Oregon Democratic Senator Ron Wyden has written to Federal Trade Commission (FTC) Chairman Andrew Ferguson, publicly criticizing Microsoft Corporation (MSFT.US) for apparent cybersecurity vulnerabilities that led to ransomware attacks on US hospital systems, and has called for a federal investigation.

The Oregon Democrat accused Microsoft of "serious cybersecurity negligence," claiming such negligence has resulted in ransomware attacks targeting America's critical infrastructure. In his letter, he cited the 2024 Ascension Health system incident as an example: as one of the largest nonprofit health systems in the United States, Ascension was forced to shut down computer systems at multiple hospitals following a cyberattack, causing surgical delays and exposing sensitive data of over 5 million patients.

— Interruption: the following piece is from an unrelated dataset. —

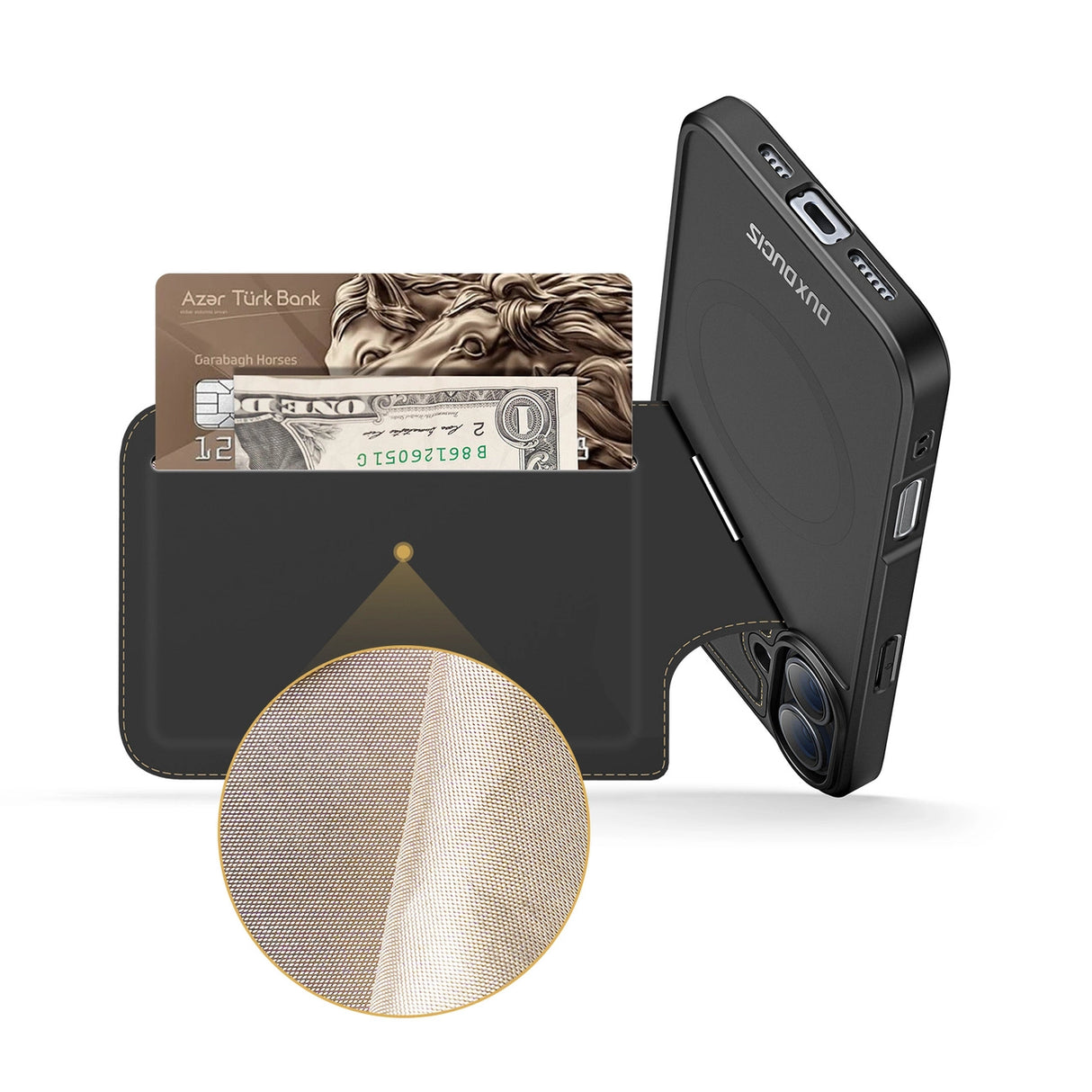 Dux Ducis Rafi II Mag Case with MagSafe for iPhone 16 - Black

Wyden's office investigation revealed that the attack began when Bing returned a malicious link to a contractor, who clicked on it and became compromised. Hackers then infiltrated Ascension's network and subsequently exploited RC4 insecure encryption technology, which is supported by default in Windows systems, using Kerberoasting attack methods to crack privileged account passwords and ultimately achieve system infiltration.

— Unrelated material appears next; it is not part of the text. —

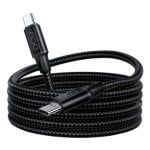 Cable USB C DCU 30402018 1,5 m Negro Trenzado Magnético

Wyden emphasized that Microsoft has long used "ancient and insecure" RC4 encryption technology, enabling hackers to easily crack account passwords, while the company has concealed this dangerous decision from enterprise and government customers. He pointed out that this negligence has led to situations where "a single employee clicking a link can trigger organization-wide ransomware infections," with Microsoft not only failing to effectively prevent attacks but allowing "ransomware proliferation caused by dangerous software."

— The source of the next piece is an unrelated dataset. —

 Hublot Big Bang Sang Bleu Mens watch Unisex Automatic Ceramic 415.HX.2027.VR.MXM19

Although Microsoft spokesperson David Cardi responded that RC4 is an "old standard" accounting for less than 0.1% of its traffic, and that the company is gradually reducing customer usage with plans to disable the technology by default in newly installed Active Directory systems starting in 2026, Wyden believes the vast majority of Microsoft customers remain exposed to attack risks.

Notably, this is not Wyden's first criticism of Microsoft. In July 2024, he had already questioned Microsoft executives about Kerberos security issues, prompting the company to publish a technical blog in October that year to guide organizations in preventing attacks and announce the development of an update to disable RC4. However, this update has not been officially released to date, meaning government agencies, nonprofit organizations, and other customers likely remain vulnerable to hacker techniques.

Wyden warned that if the Federal Trade Commission does not take action, Microsoft's "corporate culture of ignoring cybersecurity" combined with its "de facto monopoly position in the operating system market" will pose a national security threat, making more cyberattacks inevitable.

The Federal Trade Commission has not commented on the matter, and Ascension has not responded to interview requests.